[Input data — start]

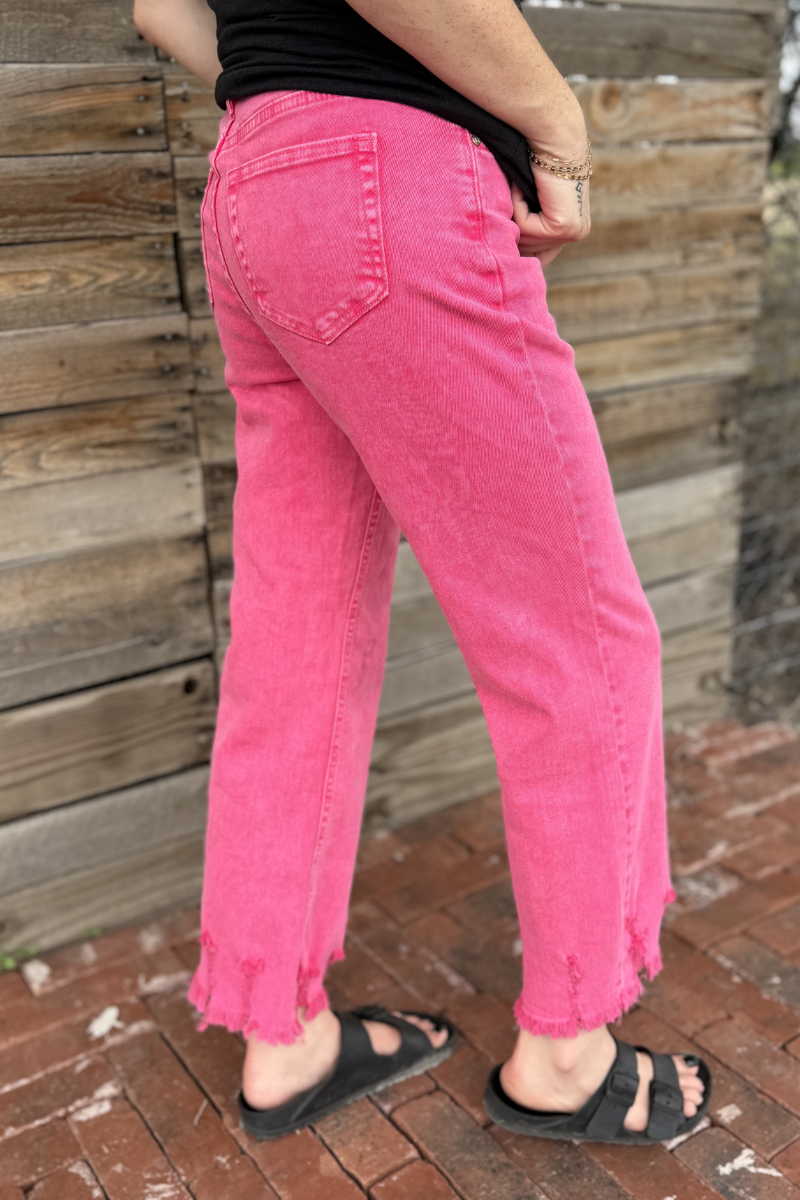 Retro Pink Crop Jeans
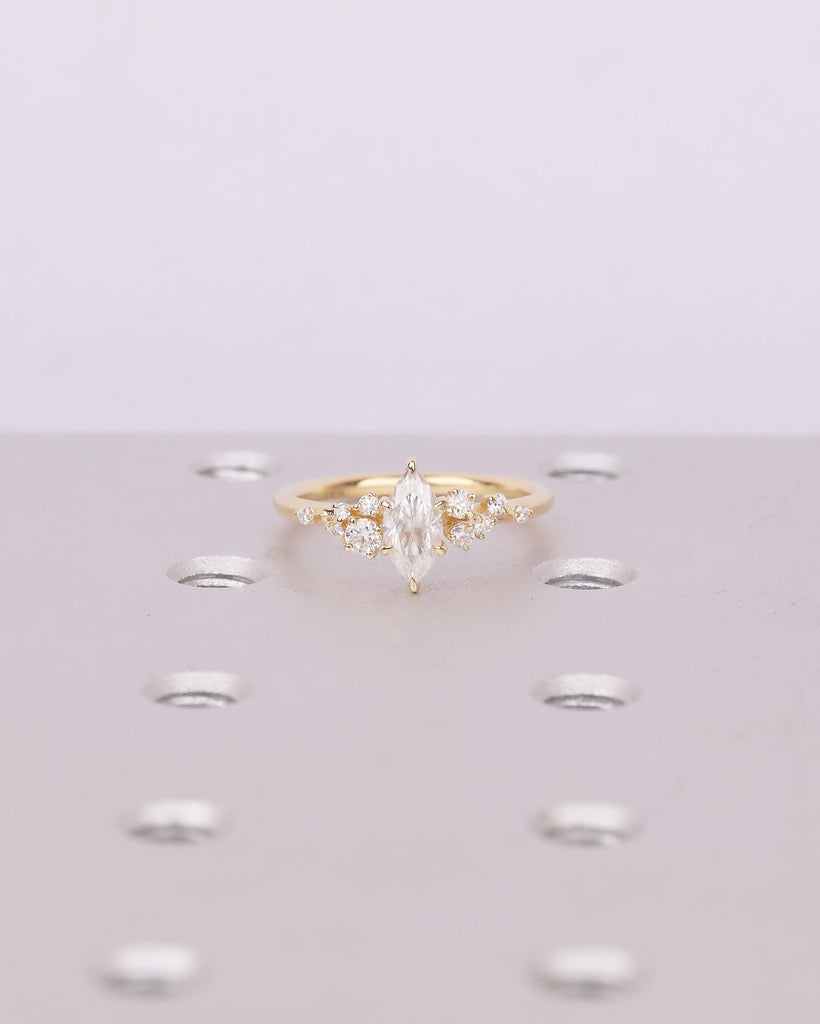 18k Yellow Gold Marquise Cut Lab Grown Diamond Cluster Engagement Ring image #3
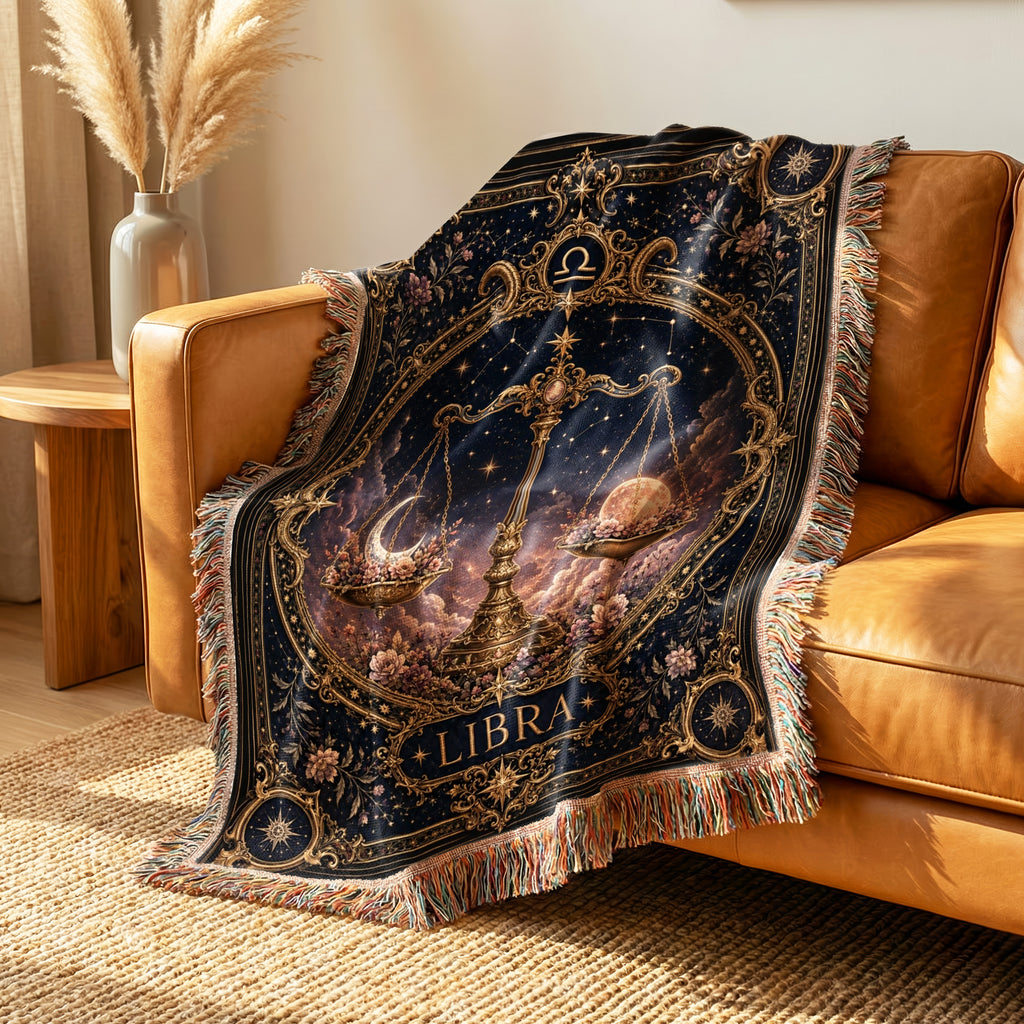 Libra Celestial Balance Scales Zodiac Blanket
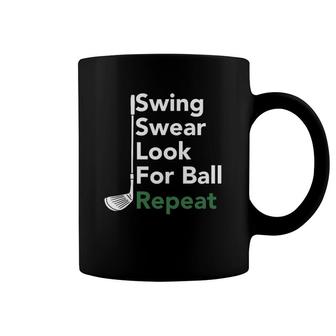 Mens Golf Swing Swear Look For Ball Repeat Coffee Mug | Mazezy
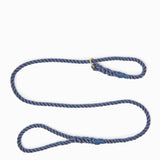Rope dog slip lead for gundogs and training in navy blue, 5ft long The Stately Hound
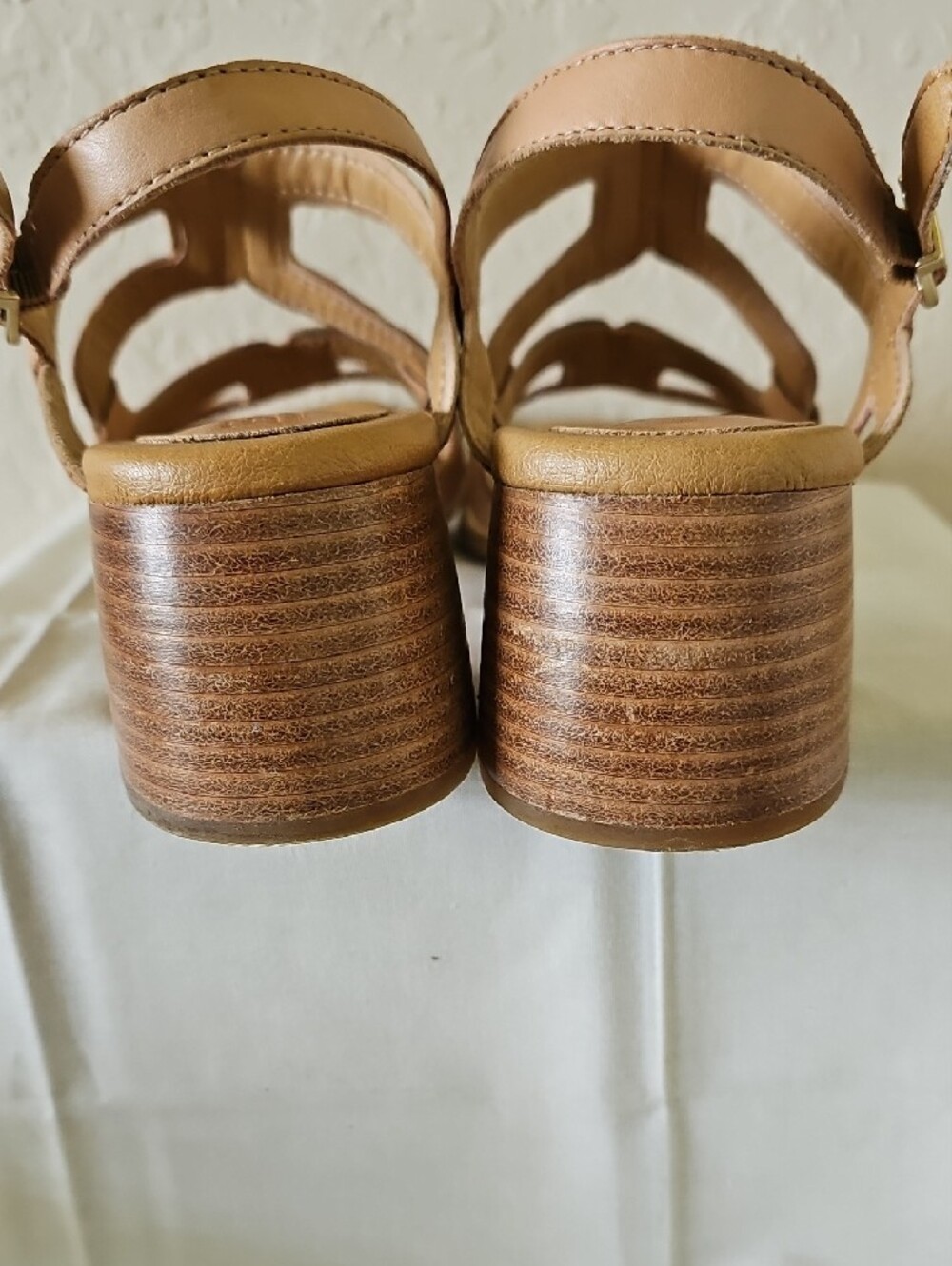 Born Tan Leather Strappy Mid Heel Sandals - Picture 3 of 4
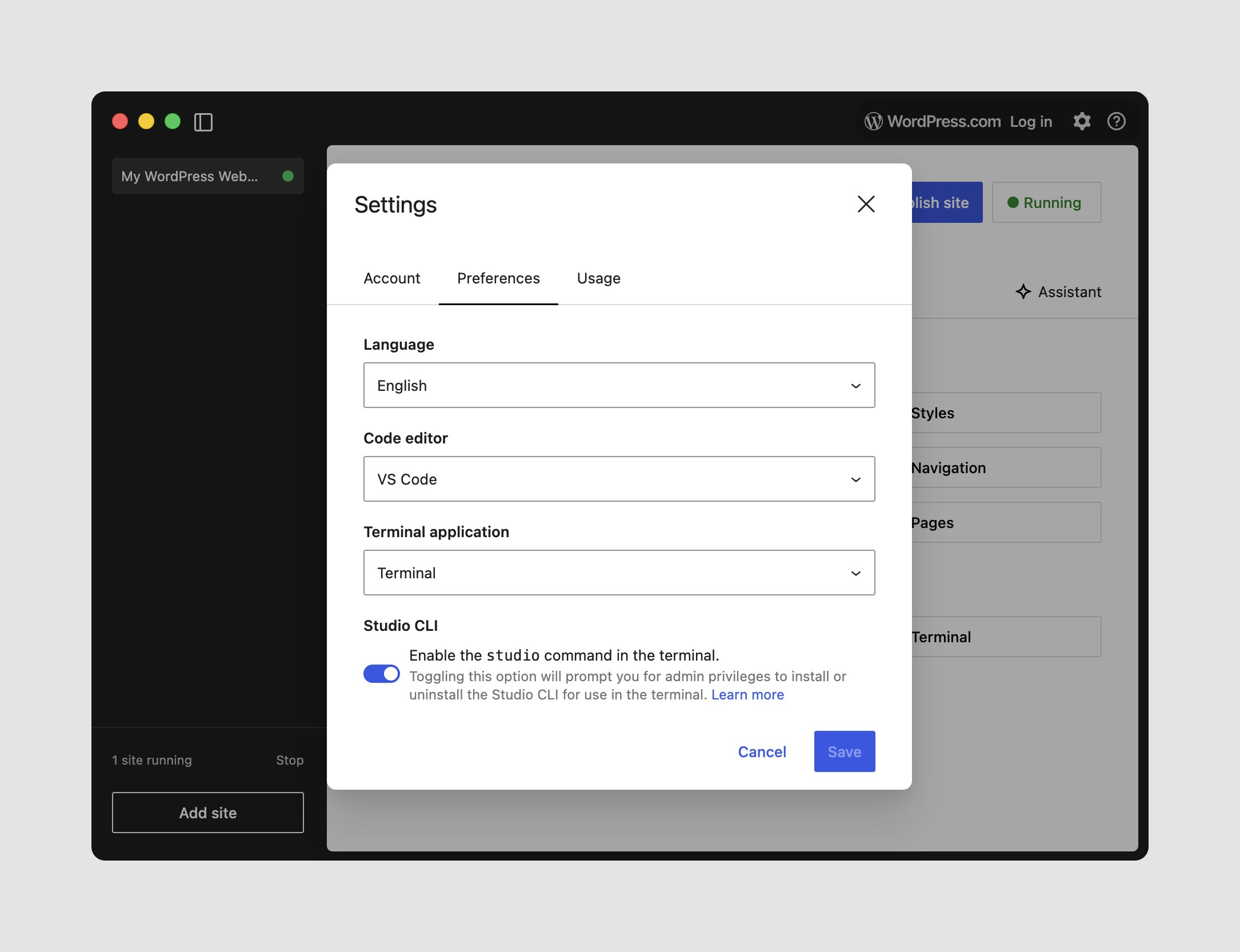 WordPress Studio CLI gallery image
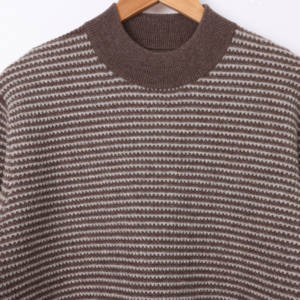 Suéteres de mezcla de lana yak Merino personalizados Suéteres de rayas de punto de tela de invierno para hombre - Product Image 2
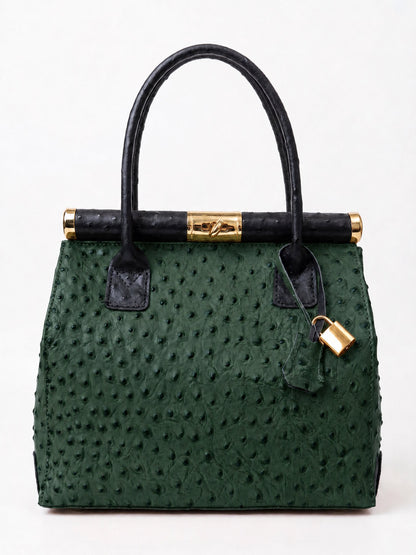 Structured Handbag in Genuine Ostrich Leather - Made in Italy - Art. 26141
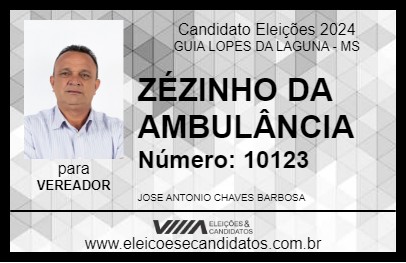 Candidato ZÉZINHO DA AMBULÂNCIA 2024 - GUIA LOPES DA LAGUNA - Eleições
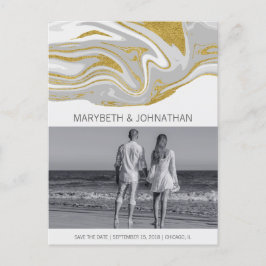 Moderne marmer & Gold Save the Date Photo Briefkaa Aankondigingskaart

[Input data — finish]

* _Problem_:
Word for word, restate every line of the listing, omitting the pictures.

* _Exercise output_:
 Retro Pink Crop Jeans
 18k Yellow Gold Marquise Cut Lab Grown Diamond Cluster Engagement Ring image #3
 Libra Celestial Balance Scales Zodiac Blanket
 Mens Golf Swing Swear Look For Ball Repeat Coffee Mug | Mazezy
Rope dog slip lead for gundogs and training in navy blue, 5ft long The Stately Hound
 Born Tan Leather Strappy Mid Heel Sandals - Picture 3 of 4
 WordPress Studio CLI gallery image
 Suéteres de mezcla de lana yak Merino personalizados Suéteres de rayas de punto de tela de invierno para hombre - Product Image 2
 Structured Handbag in Genuine Ostrich Leather - Made in Italy - Art. 26141
 Candidato ZÉZINHO DA AMBULÂNCIA 2024 - GUIA LOPES DA LAGUNA - Eleições
 Moderne marmer & Gold Save the Date Photo Briefkaa Aankondigingskaart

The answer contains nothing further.